Activity
Return only the lines of the data below from the line with "Krok 1 - chałwowy" up to and including the line with "浴室共有ファミリールーム, Hi Alvados", exactly as written, with the pictures omitted.

Study material
+===+

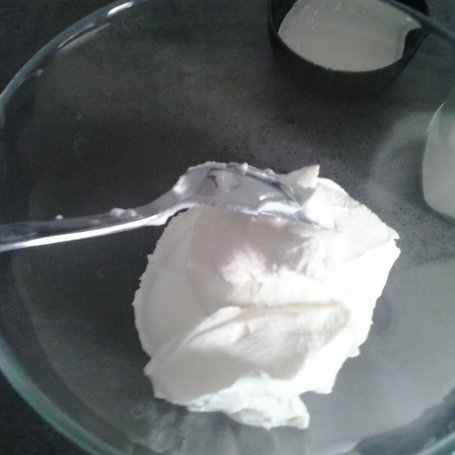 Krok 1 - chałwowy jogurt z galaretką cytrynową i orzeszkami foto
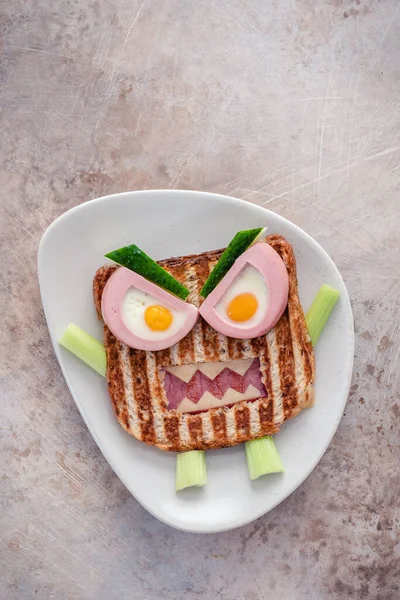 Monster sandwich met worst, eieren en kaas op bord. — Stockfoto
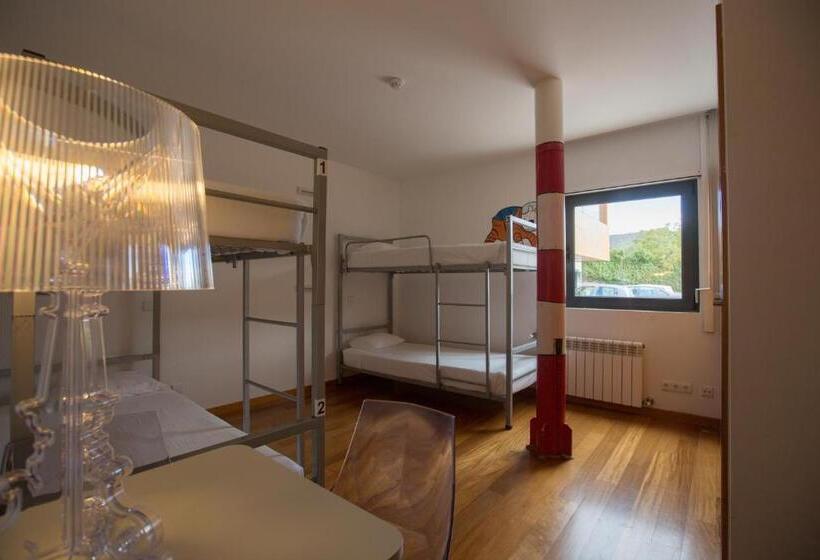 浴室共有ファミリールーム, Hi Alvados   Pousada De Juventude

+===+

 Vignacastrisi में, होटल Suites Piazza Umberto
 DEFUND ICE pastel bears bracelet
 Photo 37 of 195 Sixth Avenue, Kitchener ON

+===+

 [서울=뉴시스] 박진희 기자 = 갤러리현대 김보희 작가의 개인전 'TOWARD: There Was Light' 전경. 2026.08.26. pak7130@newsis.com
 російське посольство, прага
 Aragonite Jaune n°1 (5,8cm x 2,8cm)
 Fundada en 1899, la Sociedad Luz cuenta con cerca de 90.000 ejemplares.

+===+

Completed exercise
 Krok 1 - chałwowy jogurt z galaretką cytrynową i orzeszkami foto
 Monster sandwich met worst, eieren en kaas op bord. — Stockfoto
 浴室共有ファミリールーム, Hi Alvados   Pousada De Juventude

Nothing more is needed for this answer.